• _Data extract_:
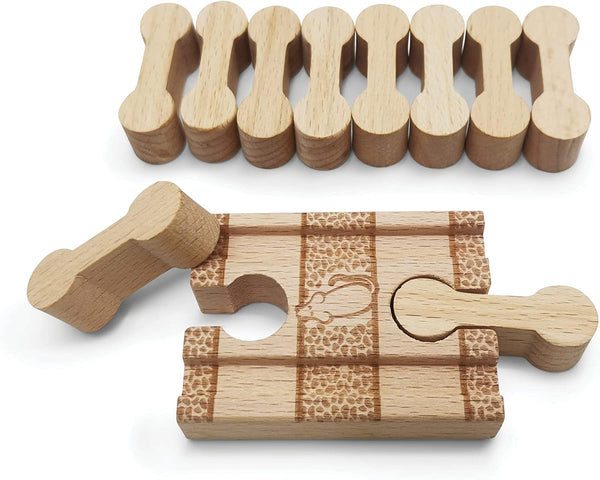 11 Pcs Deluxe Wooden Dog Bone Track Connector Pack - Train Connector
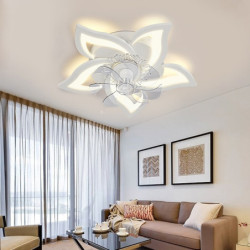 led Loftlampe, der kan dæmpes med fjernbetjening kontra blomsterdesign planmonteret loftslampe akryl lampeskærm lysekrone sovevæ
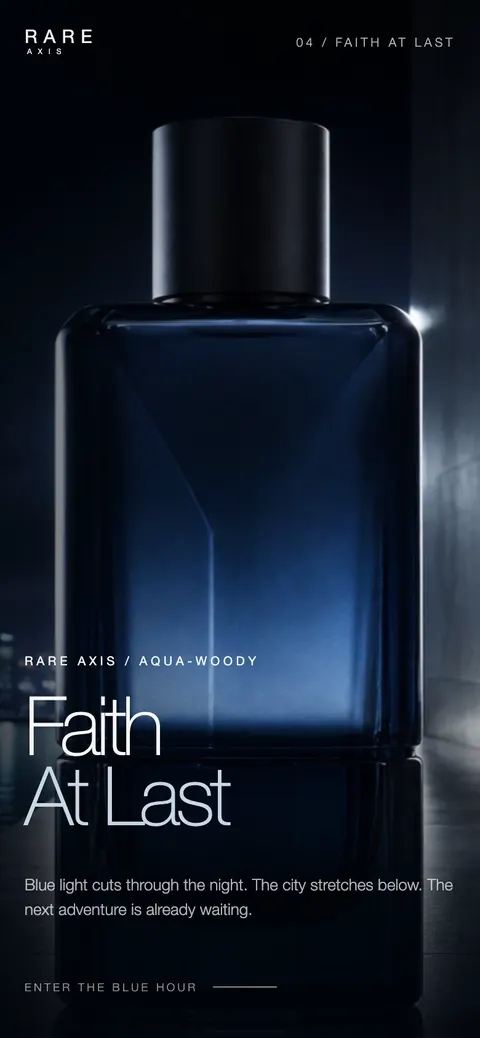Rare Axis 'Faith At Last' fragrance launch page, mobile: recorded from the live page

• _Work item_: All lines from the one that contains "led Loftlampe, der" through the last line of the data should be retyped exactly, with the pictures left out.

• _Solution for this problem_:
 led Loftlampe, der kan dæmpes med fjernbetjening kontra blomsterdesign planmonteret loftslampe akryl lampeskærm lysekrone sovevæ
Rare Axis 'Faith At Last' fragrance launch page, mobile: recorded from the live page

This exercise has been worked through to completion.